さくらの はなが ちって、みずみずしい、はっぱが みどりいろの かげをつくるころ。
4月から、いちねんせいになった、松之助くんは、幼稚園の前で、一太郎くんとおわかれします。
「兄たん…」
さくらの はなが 咲いていたころは、一太郎くんは毎朝大泣き。
送りに来てくれた松之助くんのお洋服をつかんで、絶対にはなさなかったのです。
最近はやっと、おめめにいっぱい、涙をためているけれど。
松之助くんに、いってらっしゃいが、言えるようになりました。
一太郎君も、せいちょうしています。
「ぎゅって、して?」
お洋服のすそをつかんで。
おめめにいっぱい涙をためて、見あげてくる一太郎君を、松之助くんは、しゃがみ込んで、おんなじ目線になると、いっぱい、ぎゅっとしてあげます。

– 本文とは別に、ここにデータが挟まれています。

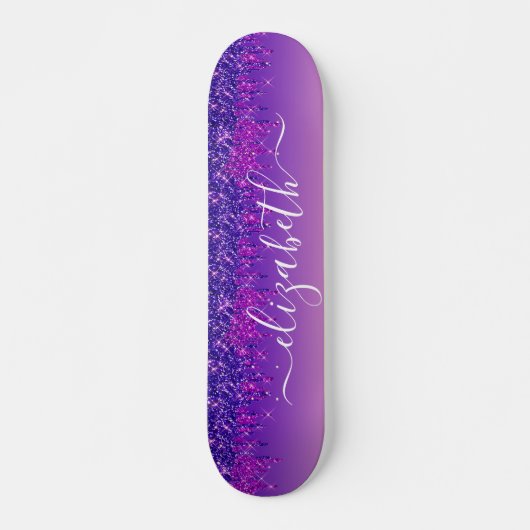 Glitter Drips Personalized Purple Pink スケートボード (正面)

一太郎君も、松之助くんのお首に、しっかり、しがみついて。
いっぱい、いっぱい、ぎゅっとします。
いっぱい、いっぱい、ぎゅっとして。
今日の一日分の、だいすきを、こころのなかに、ため込んでおくのです。
「いってらっしゃい…」
ちゅっと、音を立てて。
一太郎くんは、松之助くんのぽっぺたに、ちゅうをします。
「いってきます。またゆうがた、迎えに来るからね」
そう言って、松之助くんも、ちゅっと、音を立てて。
一太郎くんのほっぺたに、ちゅうのお返しをします。
いっぱい、いっぱい、だいすきを、かえっこするためです。
一太郎くんが、さびしくないように。
松之助くんが、心配しないように。
「うん…」
ふわふわと、松之助くんに、あたまを撫でられて。
一太郎くんはやぁっと、松之助くんのお洋服のすそを、離すことができます。
「いってらっしゃい!」
「いってきまぁす!」
佐助先生に抱っこされて、見送る一太郎君に手を振って。
松之助くんは、お隣にある小学校へ急ぎます。
おおきなおおきな、さくらの木の。
みずみずしい みどりいろのはっぱが、やさしくやさしく、ゆれていました。